Exercise description: The entries below should be set down again exactly, with every picture left out.

Start of Source material

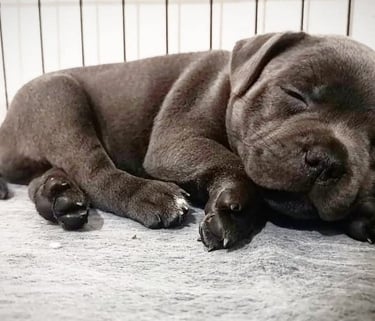 cuccioli grecalestaffs staffordshire bull terrier con pedigree Enci allevamento Sicilia Italia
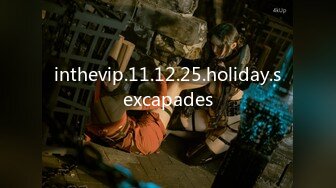 inthevip.11.12.25.holiday.sexcapades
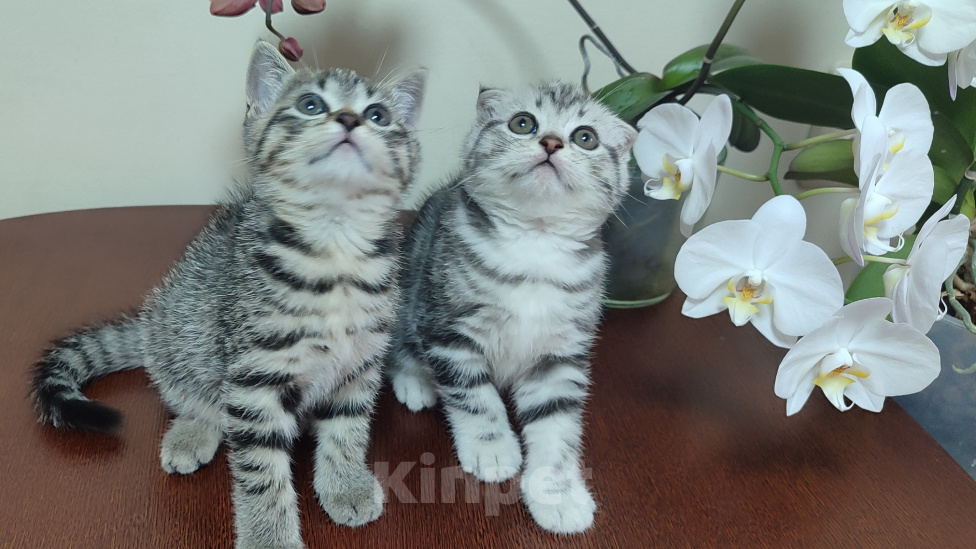 Кошки в Нижнем Новгороде: Продю породистого шотландского прямоухого котика Мальчик, 10 000 руб. - фото 3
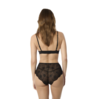 Anemone Brief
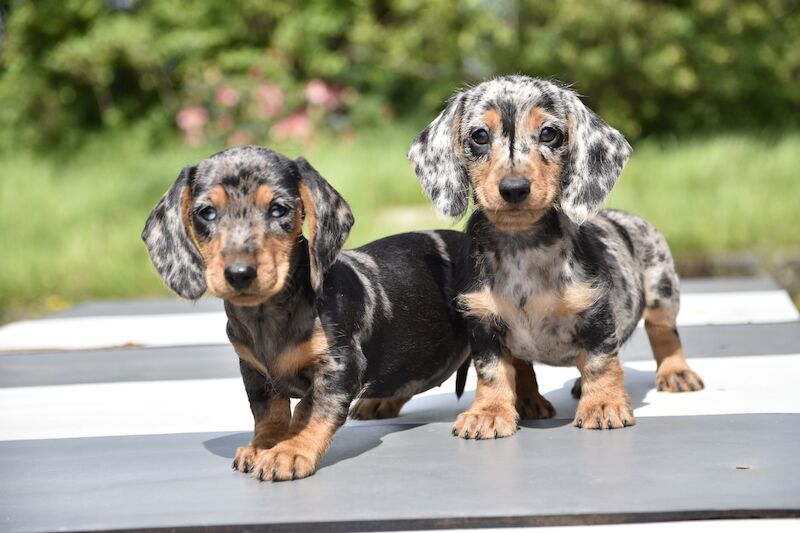 They're ready to leave - Outstanding dachshund litter for sale in Tarleton, Lancashire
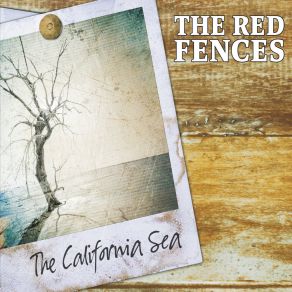 Download track King Of No Tomorrow The Red Fences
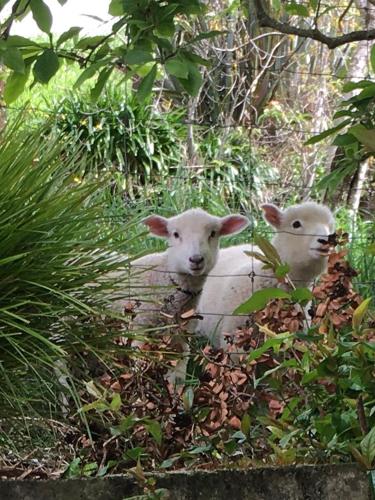 Animales en el bed and breakfast o alrededores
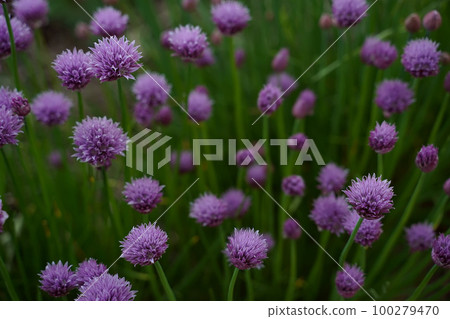 Allium schoenoprasum. Decorative bow. Perennial herbaceous plant Allium schoenoprasum. Decorative bow. Perennial herbaceous plant 100279470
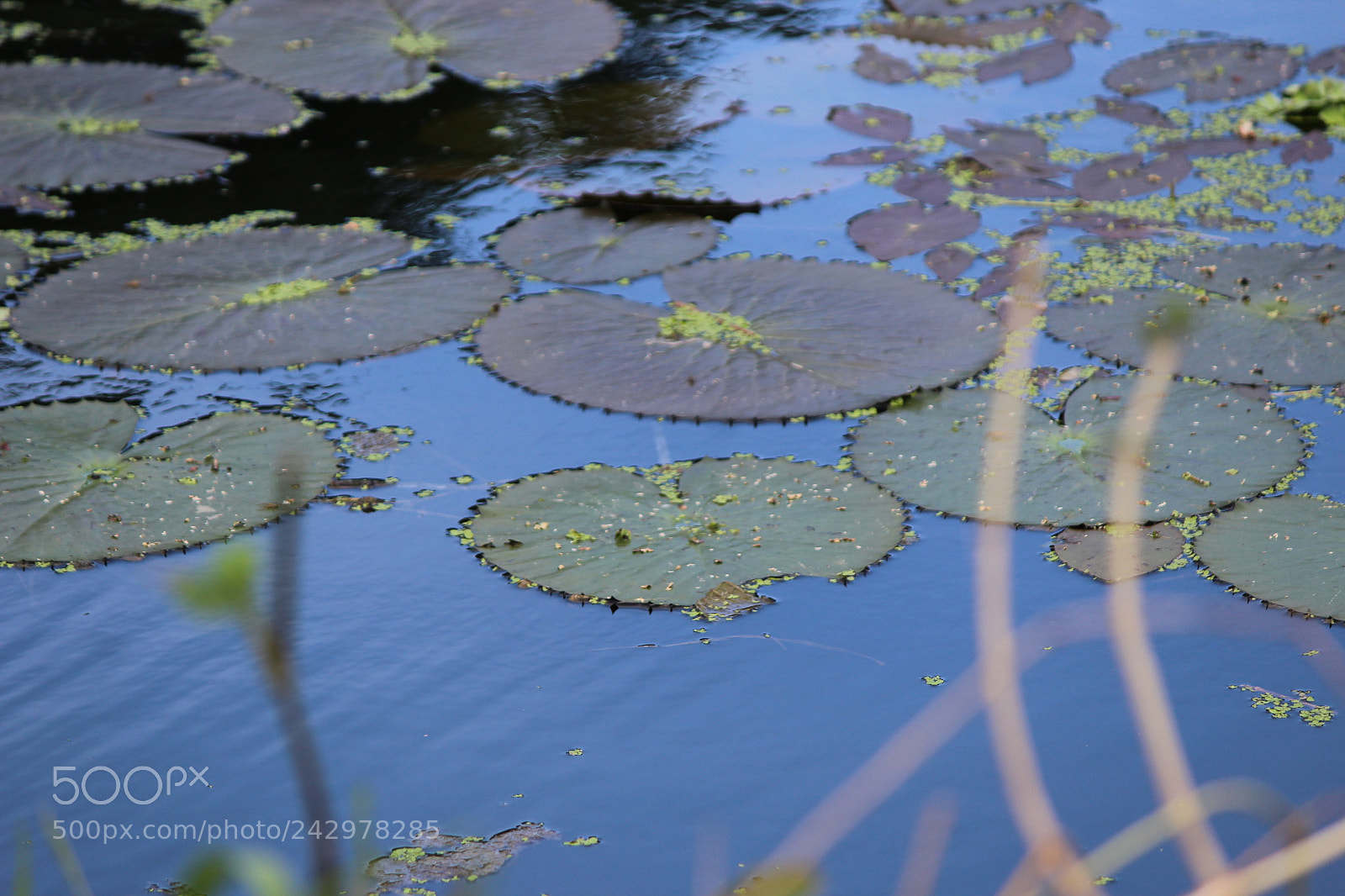 Canon EF-S 55-250mm F4-5.6 IS II sample photo. Base lotus photography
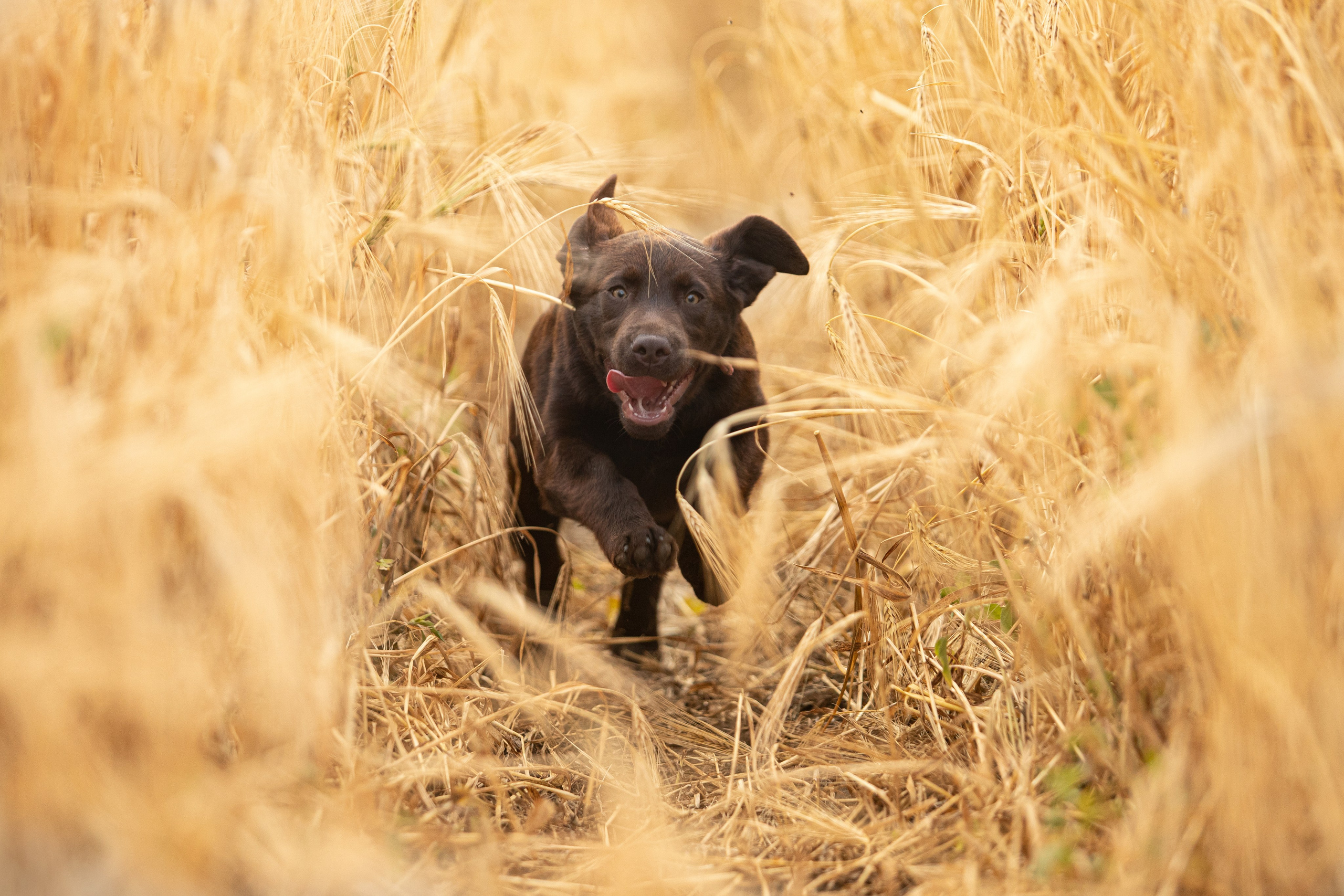 Шоколадний лабрадор ретривер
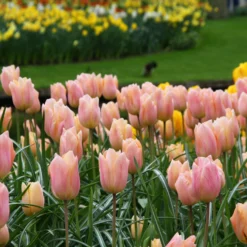 Tulip 'Apricot Beauty' 11 Tulip 'Apricot Beauty' -UK Garden Plants Sales 2024 tulip apricot beauty 9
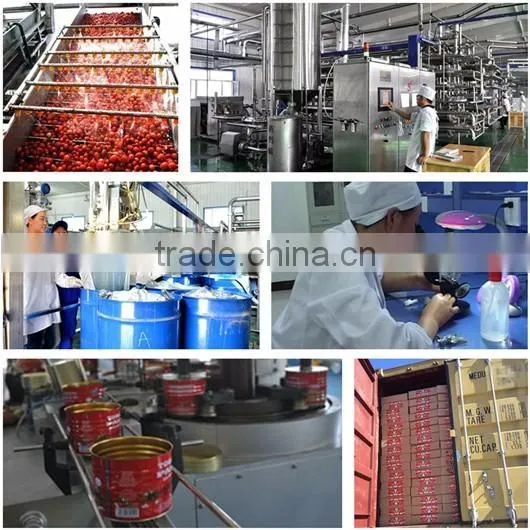 tomato paste less than 4.5KG Canned fruit and vegetable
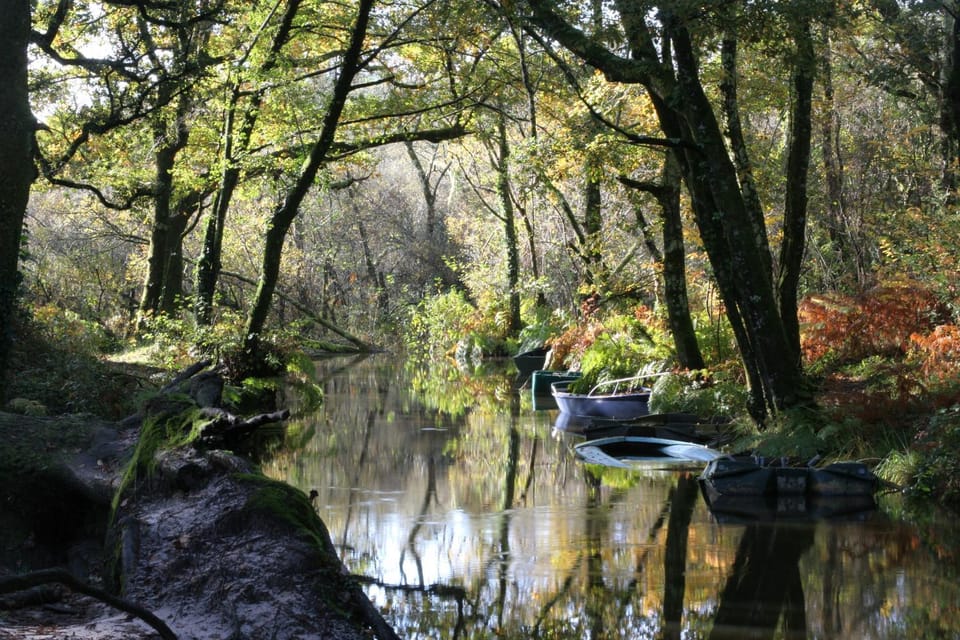River view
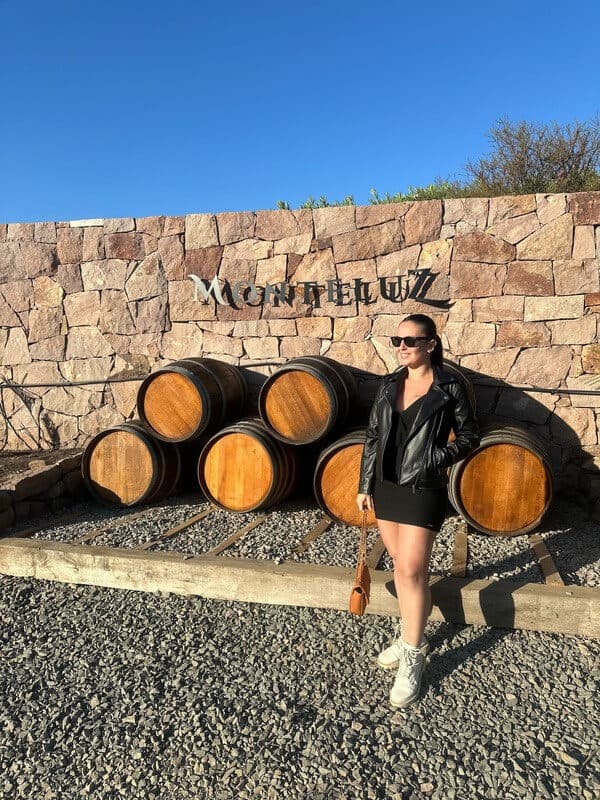 Monteluz Wines - Sunset & Festa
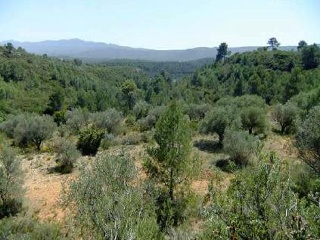 Suelo rústico en C/ Quebradas, Pol 9 - Yátova - Valencia 7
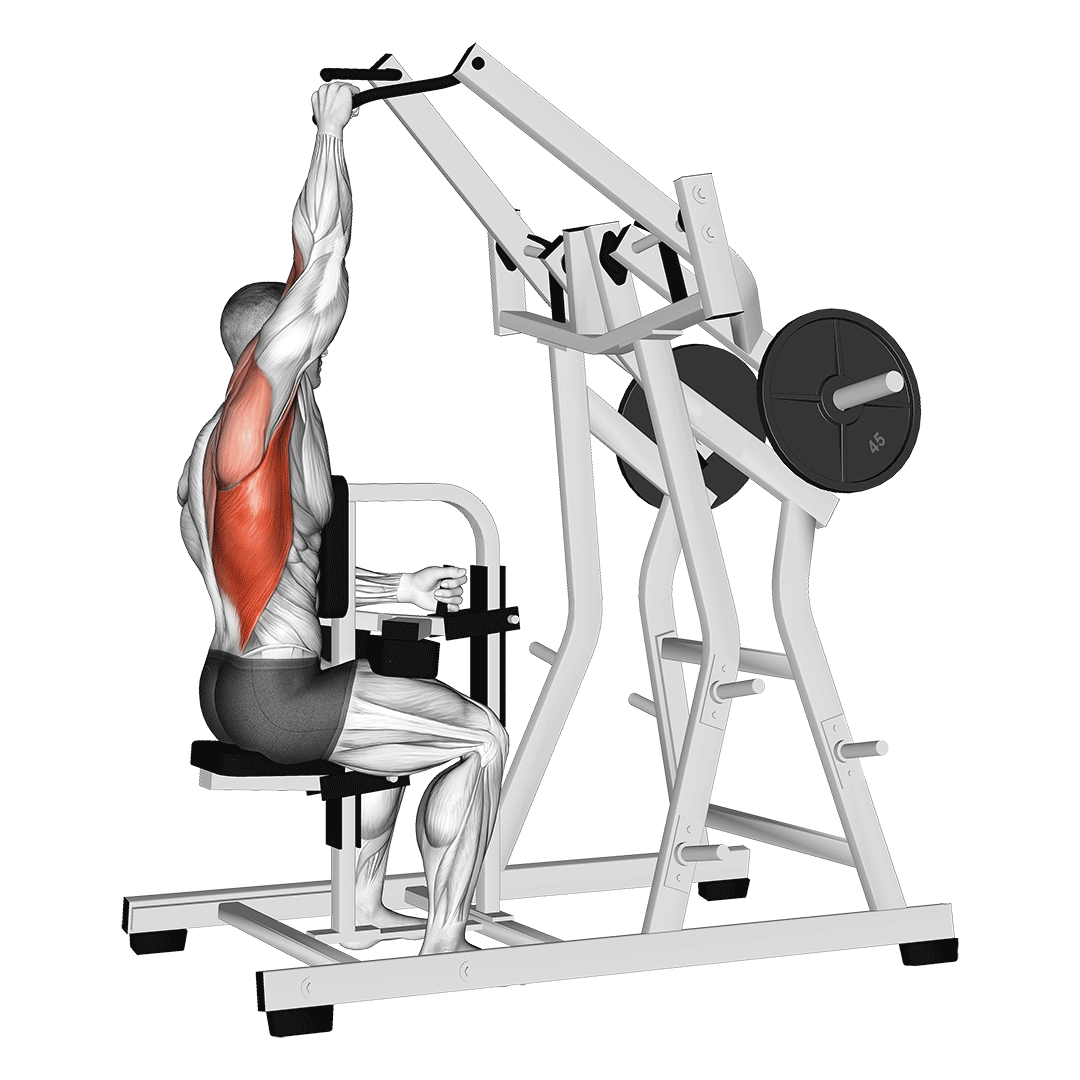 One-Arm Lat Pulldown (Machine) demonstration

End of Source material

Exercise solution:
 cuccioli grecalestaffs staffordshire bull terrier con pedigree Enci allevamento Sicilia Italia
 inthevip.11.12.25.holiday.sexcapades
 Кошки в Нижнем Новгороде: Продю породистого шотландского прямоухого котика Мальчик, 10 000 руб. - фото 3
 Anemone Brief
 They're ready to leave - Outstanding dachshund litter for sale in Tarleton, Lancashire
 Download track King Of No Tomorrow The Red Fences
 Animales en el bed and breakfast o alrededores
 Allium schoenoprasum. Decorative bow. Perennial herbaceous plant Allium schoenoprasum. Decorative bow. Perennial herbaceous plant 100279470
 Canon EF-S 55-250mm F4-5.6 IS II sample photo. Base lotus photography
 Шоколадний лабрадор ретривер
 Tulip 'Apricot Beauty' 11 Tulip 'Apricot Beauty' -UK Garden Plants Sales 2024 tulip apricot beauty 9
 tomato paste less than 4.5KG Canned fruit and vegetable
River view
 Monteluz Wines - Sunset & Festa
 Suelo rústico en C/ Quebradas, Pol 9 - Yátova - Valencia 7
 One-Arm Lat Pulldown (Machine) demonstration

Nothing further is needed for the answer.